As can be seen in the image above, the coordinate system shape perfectly matches the shape of the cell. This is because the cell was created synthetically and the coordinate system is used to generate the STORM coordinates. The current oultine is shown in red and is slightly larger than the mean radial distance of the STORM localizations - this is how the dataset was generated. 

The optimization by STORM localizations on the membrane works by calculating the radial distance of each localization and comparing it to the overall radius of the cell. This difference gives the chi-squared and if minimized the coordinate system best describes the cell outline as measured by the super-resolution data.

Since in this example the coordinate system was generated and already is the best fit we will first pertub it and then perform the optimization process.

In [19]:
c_opt = cell.copy()
c_opt.coords.xl -= 5
c_opt.coords.xr -= 2
c_opt.coords.a0 -= 5
c_opt.coords.a1 *= 0.1
c_opt.coords.a2 *= -1.2

cp_opt = CellPlot(c_opt)
plt.figure()
cp_opt.plot_storm(method='gauss')
cp_opt.plot_outline()

<IPython.core.display.Javascript object>

<matplotlib.lines.Line2D at 0x1d15a9c8898>

The radial distances for every STORM localization can be calculated as follows, and then the squared difference with the cell's radius gives the chi-squared:

In [20]:
r_values = c_opt.coords.calc_rc(c_opt.data.data_dict['storm']['x'], c_opt.data.data_dict['storm']['y'])
float(np.sum((r_values - c_opt.radius)**2))

7304.012362989295

In [21]:
res = c_opt.optimize('storm')

In [22]:
print(res.objective_value)

214.05394965439962


In [23]:
plt.figure(figsize=(6, 2))
cp_opt.plot_storm(method='gauss')
cp_opt.plot_outline()

<IPython.core.display.Javascript object>

<matplotlib.lines.Line2D at 0x1d15b390b38>

## Multiprocessing

`ColiCoords` supports high-performance computing to speed up the optimization process of many cells.

In [24]:
res_list = cells.optimize_mp()

HBox(children=(IntProgress(value=0), HTML(value='')))
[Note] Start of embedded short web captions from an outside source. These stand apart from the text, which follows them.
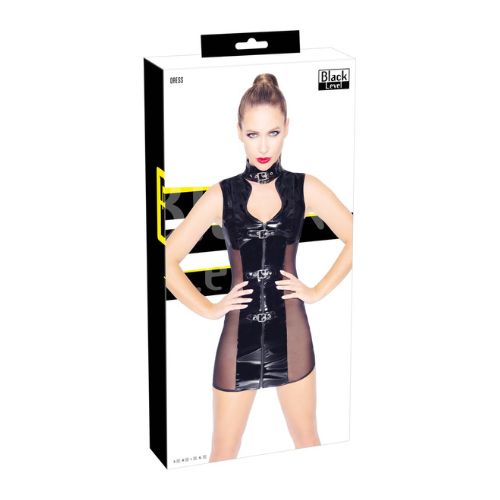 Black Level Buckled Vinyl and Net Dress Black from Nice 'n' Naughty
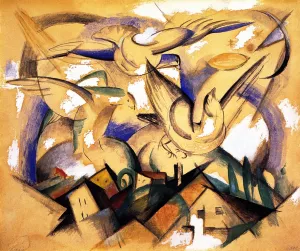 Birds Above the Village by Franz Marc Oil Painting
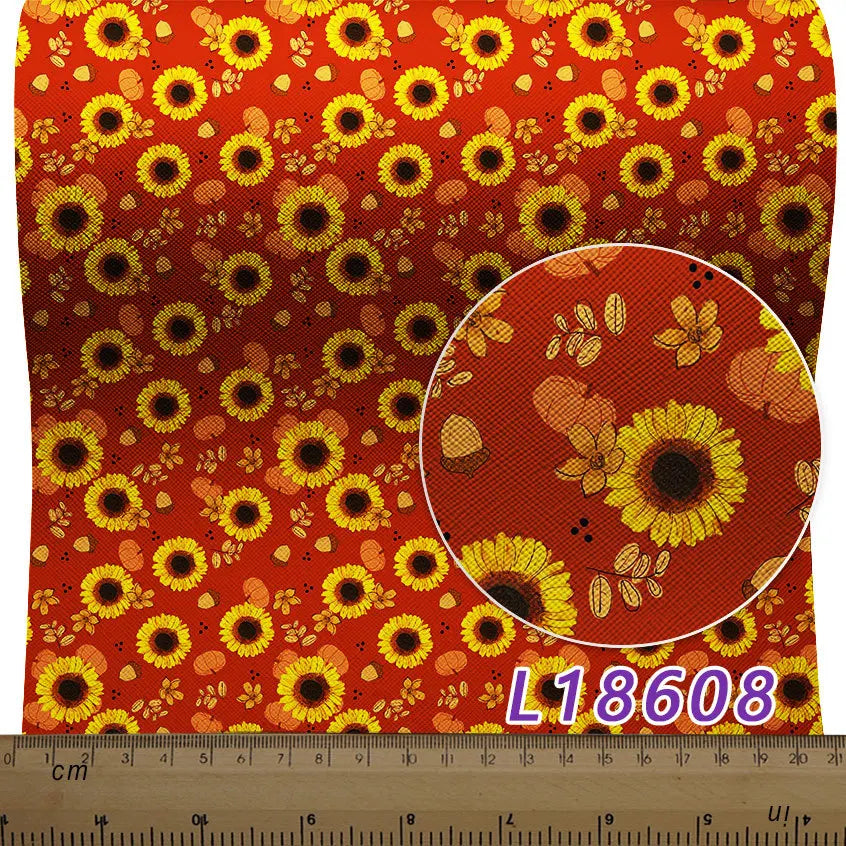 136Cm*30Cm Professional Custom Fresh Sunflower Pu Fabric Leather for DIY
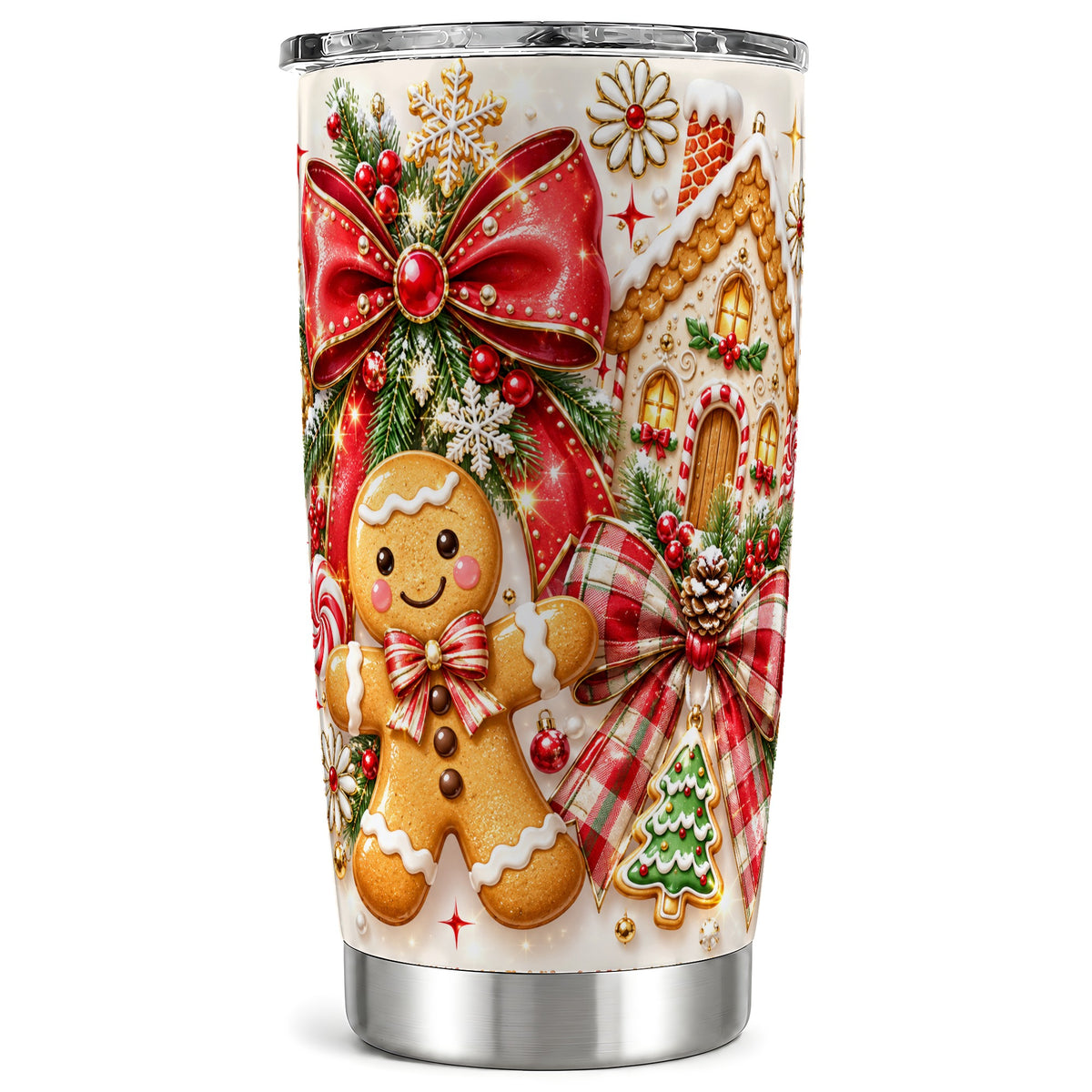 Gingerbread House Tumbler 20oz, Cookie Tumbler, Stainless Steel Travel Cup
The function `optimize_mp` is identical to `optimize` except from the multiprocessing ability. An extra keyword that can be provided to `optimize_mp` is 'processes', which defaults to the number of cores present. When executing `optimize_mp` on Windows outside of Jupyter notebooks, the function call needs to be protected by `if __name__ == '__main__':` as ususal.